Quote word for word from the line holding "A person in" to the last line below, including both, and omit any pictures.

=== Begin Enclosure ===

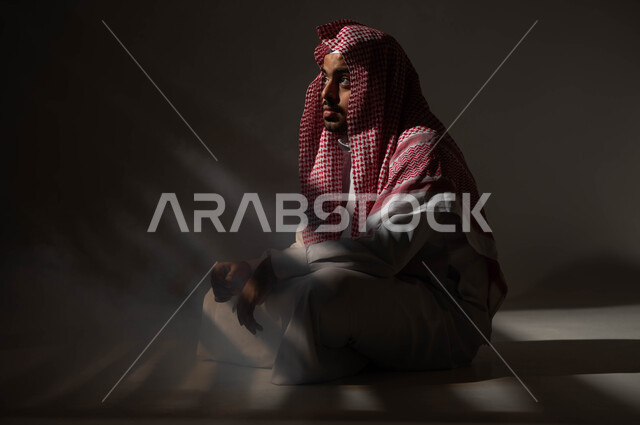 Meditation and planning for the future, finding a solution to a problem, feeling bored and tired from the pressures of life and work, a portrait of a Saudi Gulf Arab man wearing the traditional thobe and shemagh, sitting on the ground looking at something with gestures of thought, contemplation, concentration and absent-mindedness, a black background.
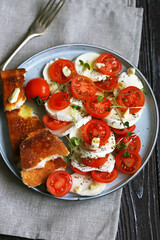 Healthy salad with mozzarella and cherry tomatoes on a plate. Diet food. Proper nutrition. Italian food.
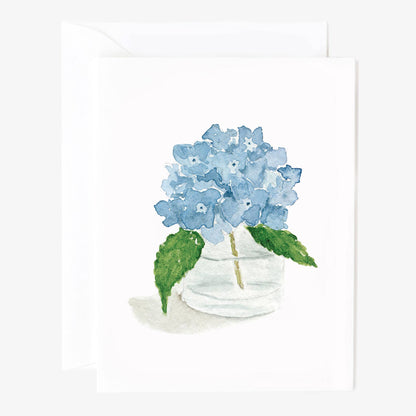 Set of 8 notecards with watercolor blue hydrangeas in glass vase; green leaves. Sizes available: standard notecard.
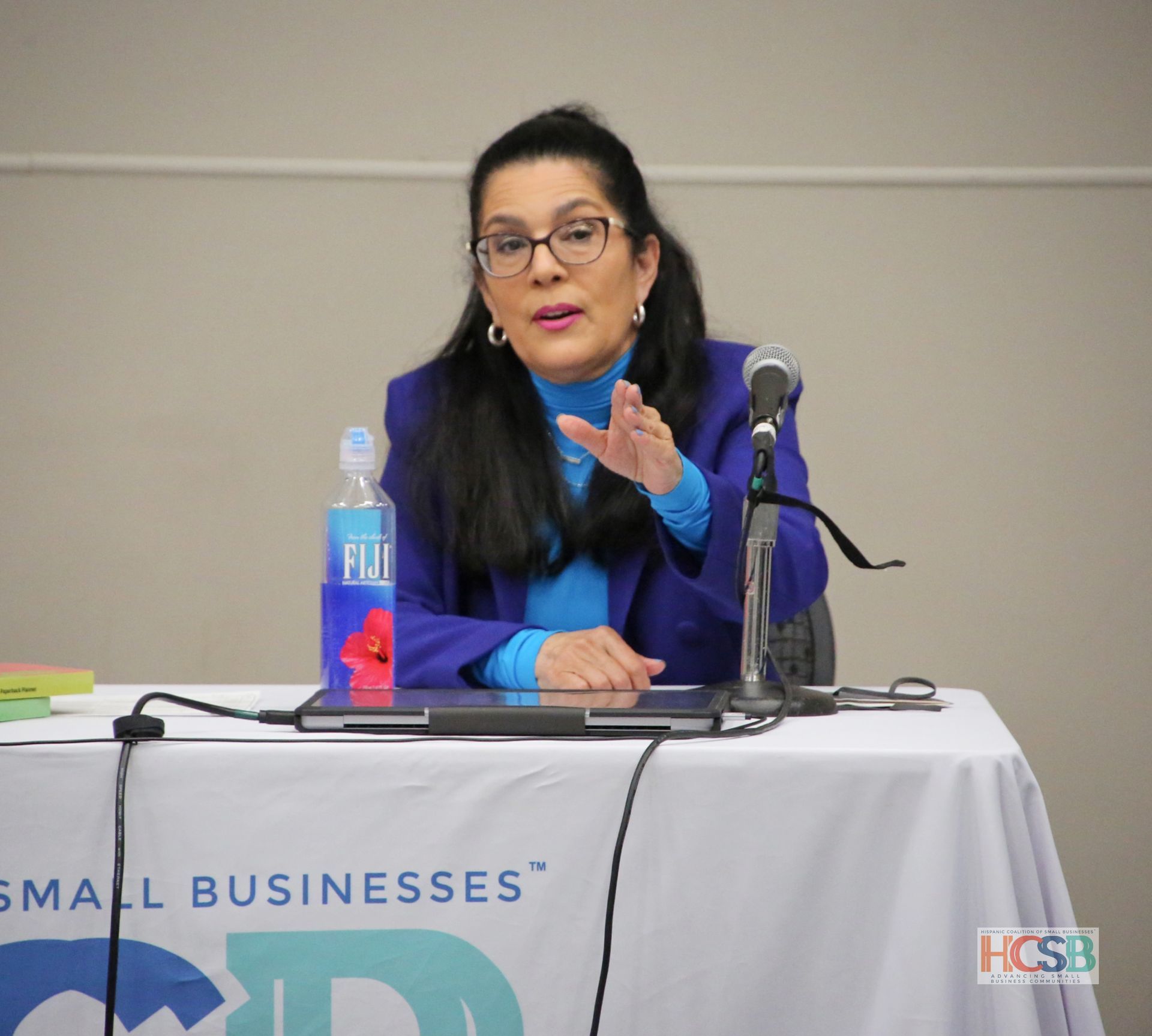 A woman sitting at a table with a bottle of fiji water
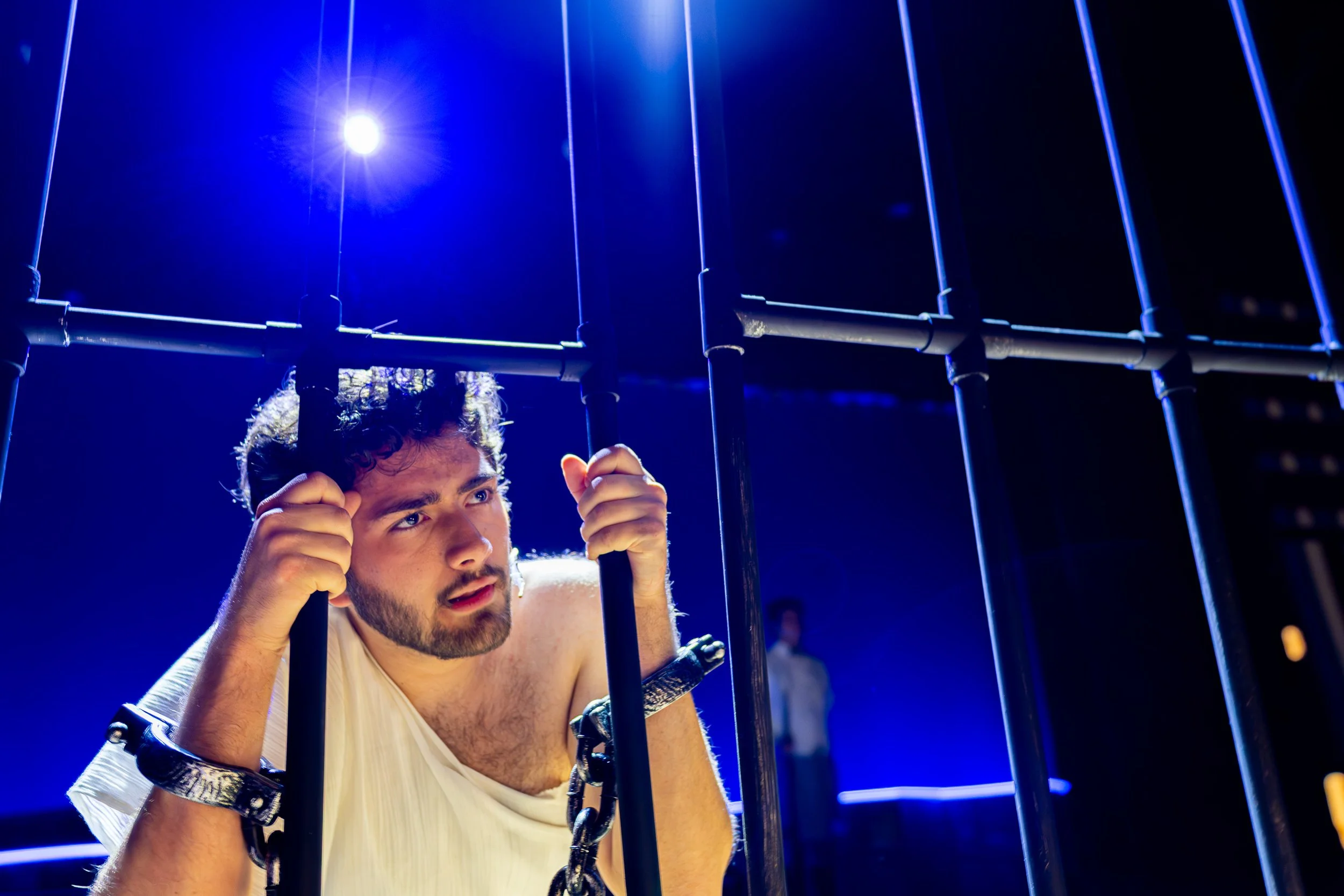 A person in handcuffs holds on to jail cell bars while singing on stage, lit from behind.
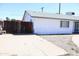 Single story home featuring a gray roof, gated front door, and a spacious driveway at 3651 W Mariposa St, Phoenix, AZ 85019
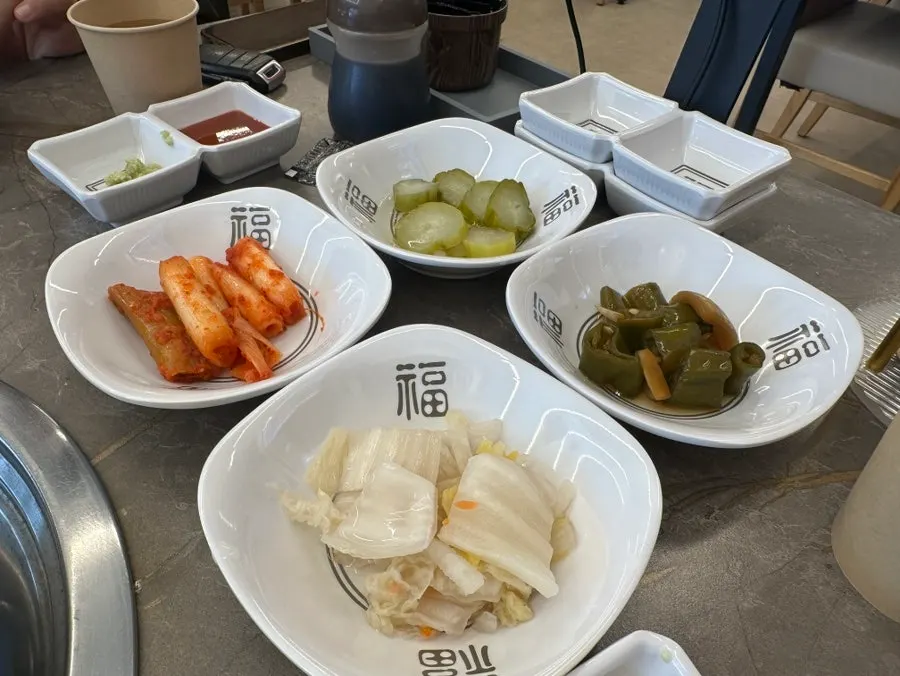 Basic side dishes: white kimchi, green onion kimchi, pickles, pickled peppers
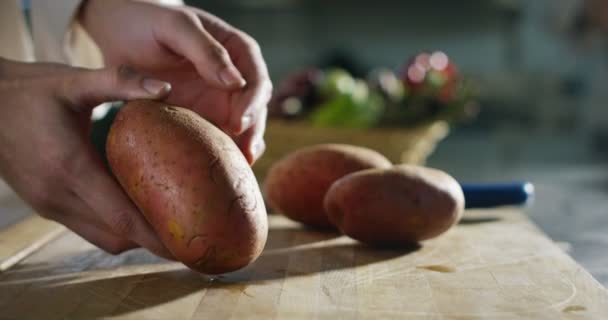 Руки молодого шеф-повара ласкают боковую сторону картины красную картофельную приаму, которую режут на кухне на деревянной доске — стоковое видео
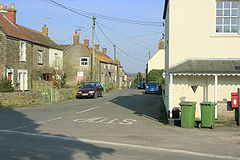 Street scene. Houses to left and right of road junction.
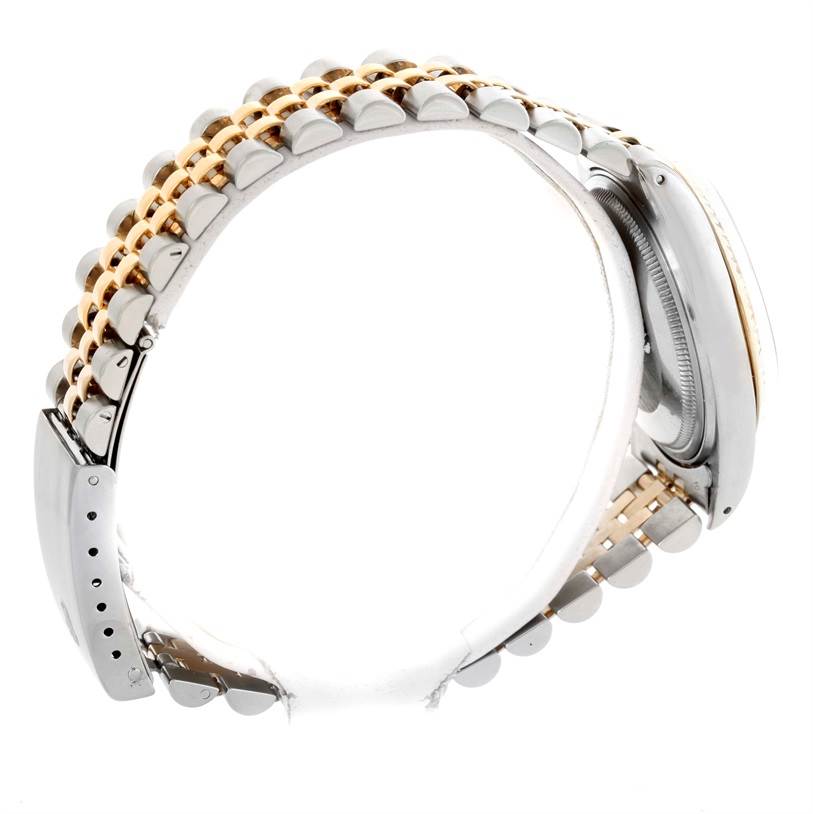 This image shows a side view of a Rolex Vintage Collection 16013 Men's Stainless Steel Champagne Dial 16013 Men's Stainless Steel Champagne Dial model, highlighting its two-tone metal bracelet and clasp.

=== End Enclosure ===

Response for this exercise =
 A person in handcuffs holds on to jail cell bars while singing on stage, lit from behind.
 Single story home featuring a gray roof, gated front door, and a spacious driveway at 3651 W Mariposa St, Phoenix, AZ 85019
 Basic side dishes: white kimchi, green onion kimchi, pickles, pickled peppers
 Руки молодого шеф-повара ласкают боковую сторону картины красную картофельную приаму, которую режут на кухне на деревянной доске — стоковое видео
 Street scene. Houses to left and right of road junction.
 This image shows a side view of a Rolex Vintage Collection 16013 Men's Stainless Steel Champagne Dial 16013 Men's Stainless Steel Champagne Dial model, highlighting its two-tone metal bracelet and clasp.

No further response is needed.